Assignment
From the first line of the data through the line containing "Hyundai Tucson 1.6", return each line exactly.

-------- Raw data

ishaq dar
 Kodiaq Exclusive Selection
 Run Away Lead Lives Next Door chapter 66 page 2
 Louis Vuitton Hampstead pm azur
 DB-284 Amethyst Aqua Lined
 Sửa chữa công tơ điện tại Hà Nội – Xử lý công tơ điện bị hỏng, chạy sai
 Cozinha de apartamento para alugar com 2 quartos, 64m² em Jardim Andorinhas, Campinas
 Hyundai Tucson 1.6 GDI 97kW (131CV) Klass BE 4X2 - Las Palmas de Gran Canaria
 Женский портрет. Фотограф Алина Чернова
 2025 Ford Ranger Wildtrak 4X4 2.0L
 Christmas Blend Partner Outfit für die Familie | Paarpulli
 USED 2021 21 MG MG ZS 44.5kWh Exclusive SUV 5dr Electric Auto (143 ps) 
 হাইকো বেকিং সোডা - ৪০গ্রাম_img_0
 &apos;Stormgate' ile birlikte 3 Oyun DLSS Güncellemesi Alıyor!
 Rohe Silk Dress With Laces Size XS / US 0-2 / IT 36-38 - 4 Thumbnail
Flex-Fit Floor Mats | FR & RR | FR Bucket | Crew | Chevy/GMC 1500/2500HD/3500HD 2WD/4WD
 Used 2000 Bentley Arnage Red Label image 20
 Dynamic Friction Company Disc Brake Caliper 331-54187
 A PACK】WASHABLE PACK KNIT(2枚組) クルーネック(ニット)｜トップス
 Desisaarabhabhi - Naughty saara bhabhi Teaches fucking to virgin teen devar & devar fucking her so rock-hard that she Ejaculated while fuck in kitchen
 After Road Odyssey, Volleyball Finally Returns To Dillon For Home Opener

----------------

Response area
ishaq dar
 Kodiaq Exclusive Selection
 Run Away Lead Lives Next Door chapter 66 page 2
 Louis Vuitton Hampstead pm azur
 DB-284 Amethyst Aqua Lined
 Sửa chữa công tơ điện tại Hà Nội – Xử lý công tơ điện bị hỏng, chạy sai
 Cozinha de apartamento para alugar com 2 quartos, 64m² em Jardim Andorinhas, Campinas
 Hyundai Tucson 1.6 GDI 97kW (131CV) Klass BE 4X2 - Las Palmas de Gran Canaria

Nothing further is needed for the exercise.